## About this task
The response should repeat word for word every line below from the one with "Proyector WiFi Miró" to the one with "Timex Lab Rose", inclusive, and nothing else; leave pictures out.

## Extracted information
- Opening Delimiter -

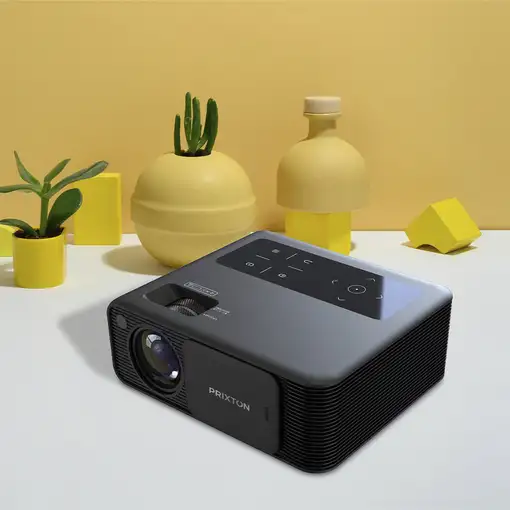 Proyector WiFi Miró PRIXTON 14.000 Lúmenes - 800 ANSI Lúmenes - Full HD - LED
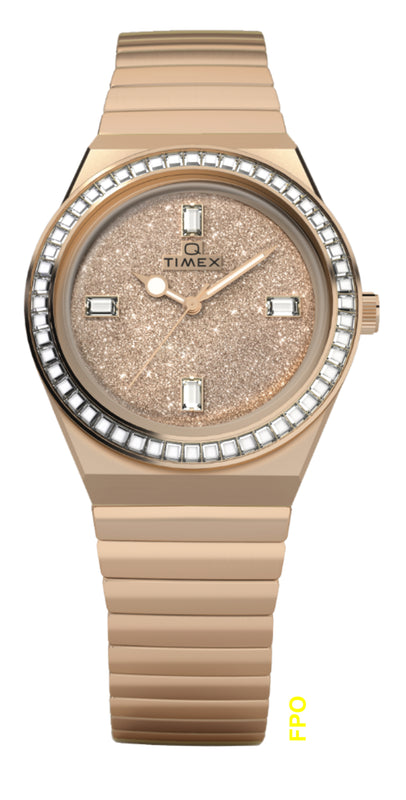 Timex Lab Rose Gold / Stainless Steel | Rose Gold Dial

- Closing Delimiter -
- Opening Delimiter -

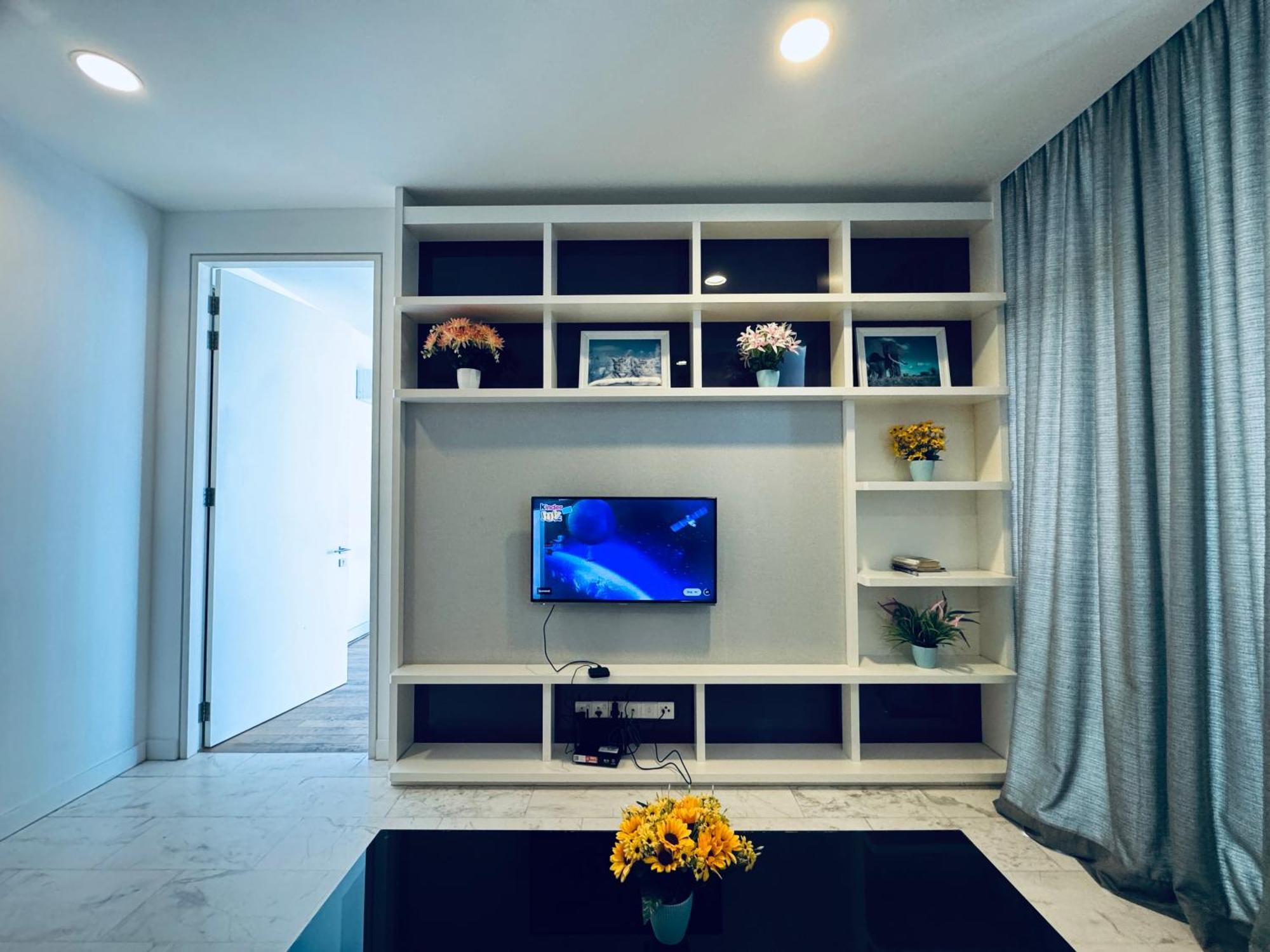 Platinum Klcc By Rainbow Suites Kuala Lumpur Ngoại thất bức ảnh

- Closing Delimiter -

## Exercise output
 Proyector WiFi Miró PRIXTON 14.000 Lúmenes - 800 ANSI Lúmenes - Full HD - LED
 Timex Lab Rose Gold / Stainless Steel | Rose Gold Dial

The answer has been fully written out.